● **Problem statement**
From the line with "Dryden Creek Fire" through the final line below, restate each line word for word and return nothing else.

● **Dataset records**
★ ★ ★
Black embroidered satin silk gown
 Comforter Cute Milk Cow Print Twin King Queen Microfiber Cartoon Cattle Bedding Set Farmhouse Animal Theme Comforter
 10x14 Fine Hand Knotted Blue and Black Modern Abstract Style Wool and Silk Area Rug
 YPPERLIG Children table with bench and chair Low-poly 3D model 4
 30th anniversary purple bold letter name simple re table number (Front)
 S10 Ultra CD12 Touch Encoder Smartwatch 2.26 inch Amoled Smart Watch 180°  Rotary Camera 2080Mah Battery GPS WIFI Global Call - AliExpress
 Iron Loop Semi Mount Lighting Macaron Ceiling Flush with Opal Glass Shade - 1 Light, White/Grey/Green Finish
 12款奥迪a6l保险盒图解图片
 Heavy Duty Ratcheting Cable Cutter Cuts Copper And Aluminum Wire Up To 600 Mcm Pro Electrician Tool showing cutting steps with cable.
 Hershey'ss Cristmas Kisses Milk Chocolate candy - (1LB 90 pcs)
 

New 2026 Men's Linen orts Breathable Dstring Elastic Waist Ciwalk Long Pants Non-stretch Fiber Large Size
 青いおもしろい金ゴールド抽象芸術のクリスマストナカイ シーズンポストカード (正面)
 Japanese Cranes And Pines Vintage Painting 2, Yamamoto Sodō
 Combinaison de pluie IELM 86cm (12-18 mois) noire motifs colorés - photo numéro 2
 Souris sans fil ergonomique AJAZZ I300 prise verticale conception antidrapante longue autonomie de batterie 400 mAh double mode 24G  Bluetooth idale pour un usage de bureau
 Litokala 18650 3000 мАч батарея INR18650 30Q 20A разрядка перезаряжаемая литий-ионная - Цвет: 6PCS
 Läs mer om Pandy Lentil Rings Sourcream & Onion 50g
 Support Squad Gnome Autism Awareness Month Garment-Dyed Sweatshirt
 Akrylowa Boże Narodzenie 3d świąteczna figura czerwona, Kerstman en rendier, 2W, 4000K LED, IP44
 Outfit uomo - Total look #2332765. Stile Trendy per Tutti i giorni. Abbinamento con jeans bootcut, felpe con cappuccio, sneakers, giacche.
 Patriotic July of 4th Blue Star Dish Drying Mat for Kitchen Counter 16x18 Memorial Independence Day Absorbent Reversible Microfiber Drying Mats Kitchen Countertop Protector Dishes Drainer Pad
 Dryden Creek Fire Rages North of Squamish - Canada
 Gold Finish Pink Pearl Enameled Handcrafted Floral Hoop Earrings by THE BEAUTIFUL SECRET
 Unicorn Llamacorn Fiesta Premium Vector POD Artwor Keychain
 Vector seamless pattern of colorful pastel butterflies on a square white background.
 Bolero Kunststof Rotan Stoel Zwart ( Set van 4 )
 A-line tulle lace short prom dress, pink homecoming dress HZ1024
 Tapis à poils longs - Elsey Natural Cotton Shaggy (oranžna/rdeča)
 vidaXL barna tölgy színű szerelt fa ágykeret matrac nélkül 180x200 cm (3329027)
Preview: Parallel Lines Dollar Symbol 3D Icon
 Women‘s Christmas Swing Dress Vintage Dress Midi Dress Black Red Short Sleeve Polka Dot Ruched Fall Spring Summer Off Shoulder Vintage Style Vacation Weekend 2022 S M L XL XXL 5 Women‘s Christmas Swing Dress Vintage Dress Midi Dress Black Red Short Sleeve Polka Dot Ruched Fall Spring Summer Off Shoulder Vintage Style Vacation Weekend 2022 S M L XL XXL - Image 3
★ ★ ★
● **Response to this exercise**
 Dryden Creek Fire Rages North of Squamish - Canada
 Gold Finish Pink Pearl Enameled Handcrafted Floral Hoop Earrings by THE BEAUTIFUL SECRET
 Unicorn Llamacorn Fiesta Premium Vector POD Artwor Keychain
 Vector seamless pattern of colorful pastel butterflies on a square white background.
 Bolero Kunststof Rotan Stoel Zwart ( Set van 4 )
 A-line tulle lace short prom dress, pink homecoming dress HZ1024
 Tapis à poils longs - Elsey Natural Cotton Shaggy (oranžna/rdeča)
 vidaXL barna tölgy színű szerelt fa ágykeret matrac nélkül 180x200 cm (3329027)
Preview: Parallel Lines Dollar Symbol 3D Icon
 Women‘s Christmas Swing Dress Vintage Dress Midi Dress Black Red Short Sleeve Polka Dot Ruched Fall Spring Summer Off Shoulder Vintage Style Vacation Weekend 2022 S M L XL XXL 5 Women‘s Christmas Swing Dress Vintage Dress Midi Dress Black Red Short Sleeve Polka Dot Ruched Fall Spring Summer Off Shoulder Vintage Style Vacation Weekend 2022 S M L XL XXL - Image 3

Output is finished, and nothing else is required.